[Assigned task]
Quote exactly the lines from the one with "Winter Baby Triangle Rompers" to the end of the data, both included; omit the pictures.

-- Data shown follows --

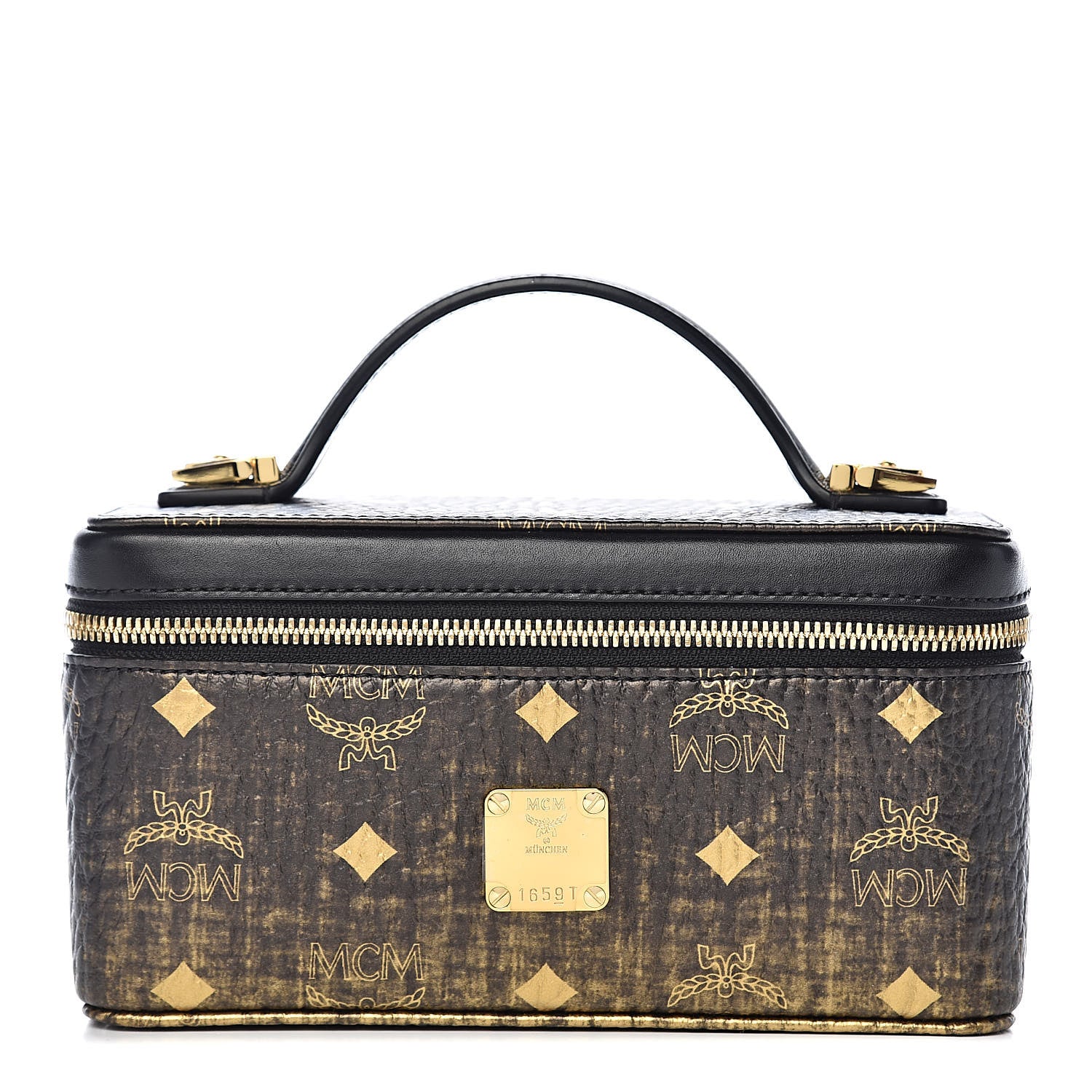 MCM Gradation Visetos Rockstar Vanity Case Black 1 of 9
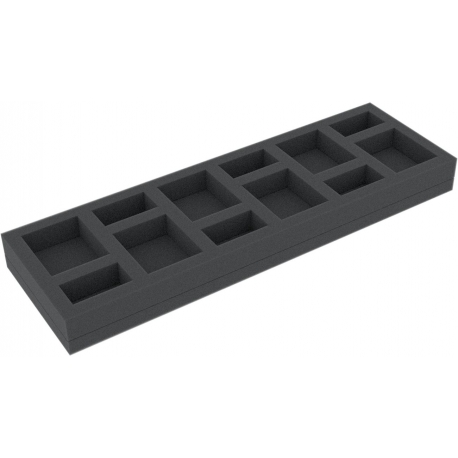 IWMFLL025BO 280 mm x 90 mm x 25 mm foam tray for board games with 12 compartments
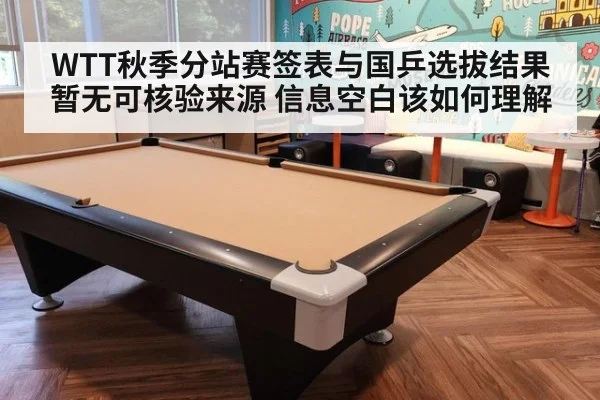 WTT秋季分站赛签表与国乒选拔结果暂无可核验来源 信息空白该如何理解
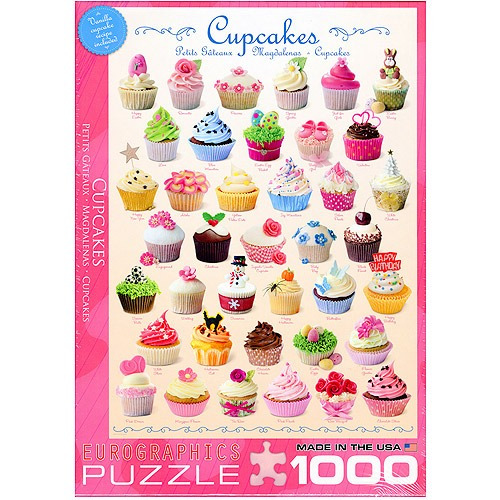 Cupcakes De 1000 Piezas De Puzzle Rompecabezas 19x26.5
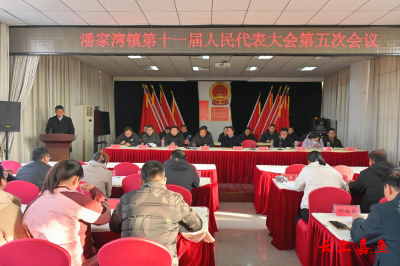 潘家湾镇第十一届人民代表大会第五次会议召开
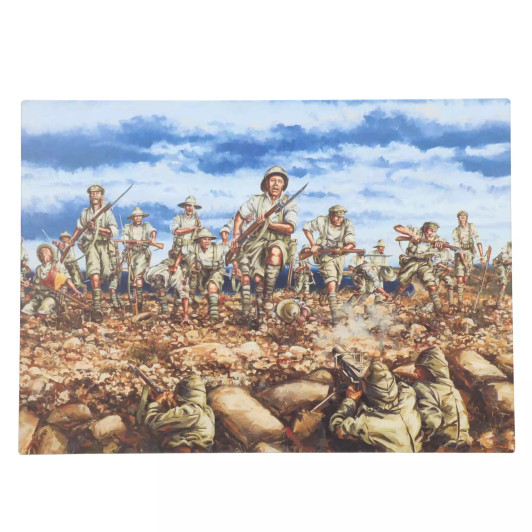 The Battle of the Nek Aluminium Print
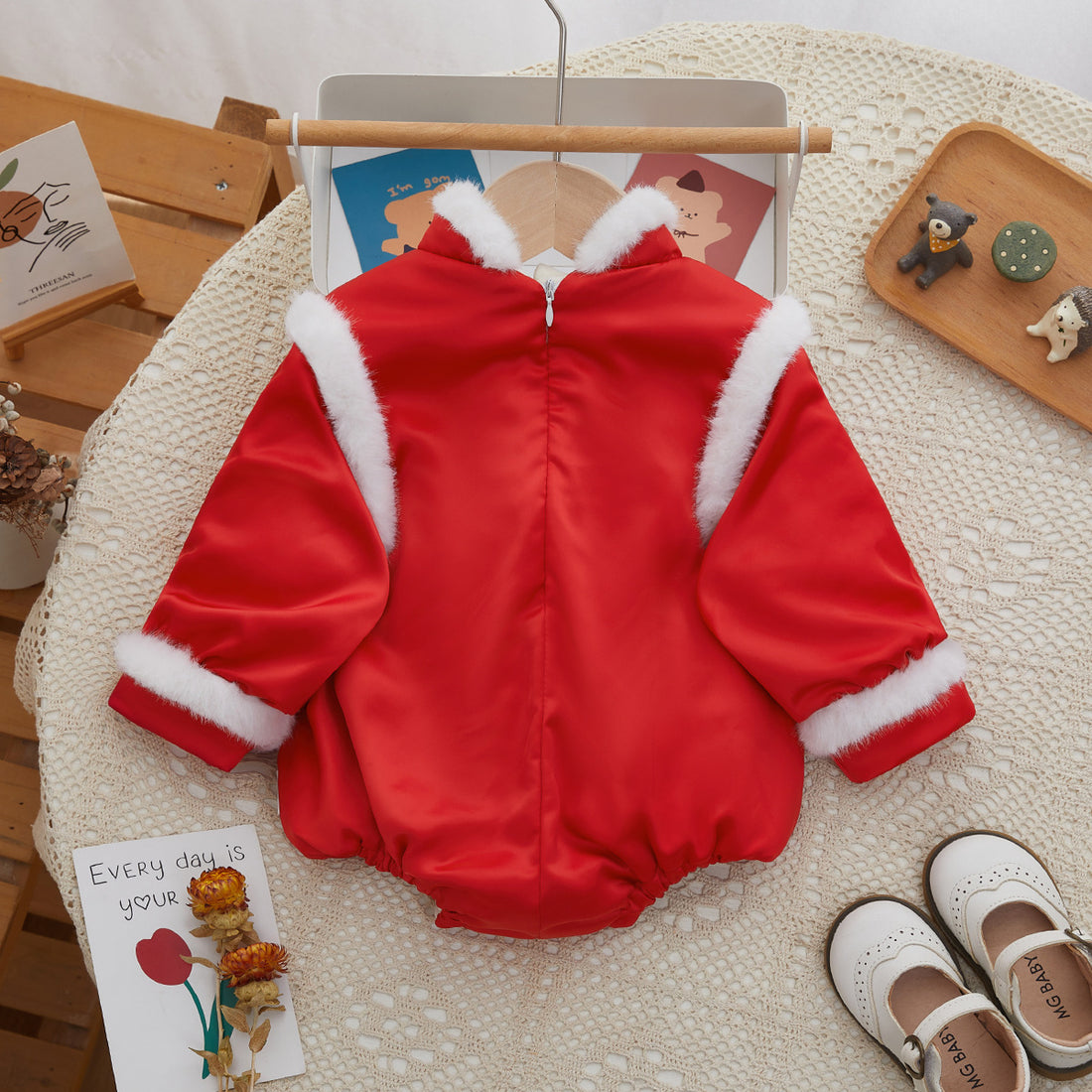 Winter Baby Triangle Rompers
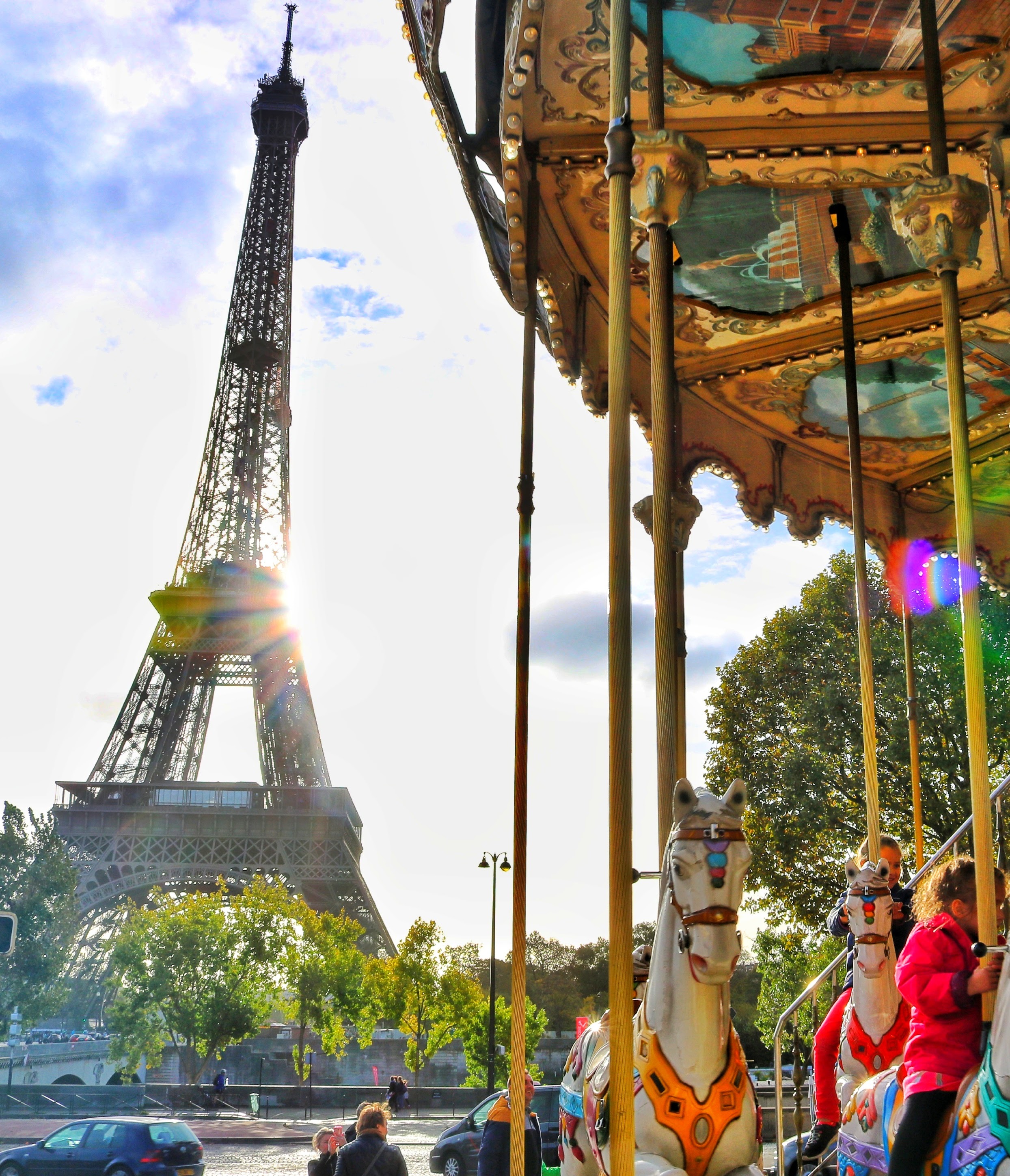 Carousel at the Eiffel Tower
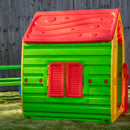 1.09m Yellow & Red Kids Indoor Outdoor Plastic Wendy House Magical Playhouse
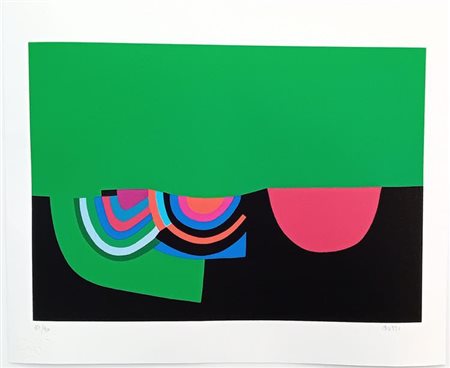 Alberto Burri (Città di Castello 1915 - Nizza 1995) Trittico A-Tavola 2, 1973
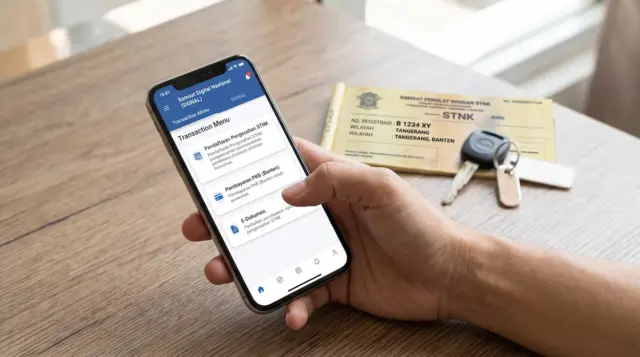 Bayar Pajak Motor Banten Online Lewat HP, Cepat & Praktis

-- Data shown concluded --

[Final answer]
 Winter Baby Triangle Rompers
 Carousel at the Eiffel Tower
 1.09m Yellow & Red Kids Indoor Outdoor Plastic Wendy House Magical Playhouse
 Alberto Burri (Città di Castello 1915 - Nizza 1995) Trittico A-Tavola 2, 1973
 Bayar Pajak Motor Banten Online Lewat HP, Cepat & Praktis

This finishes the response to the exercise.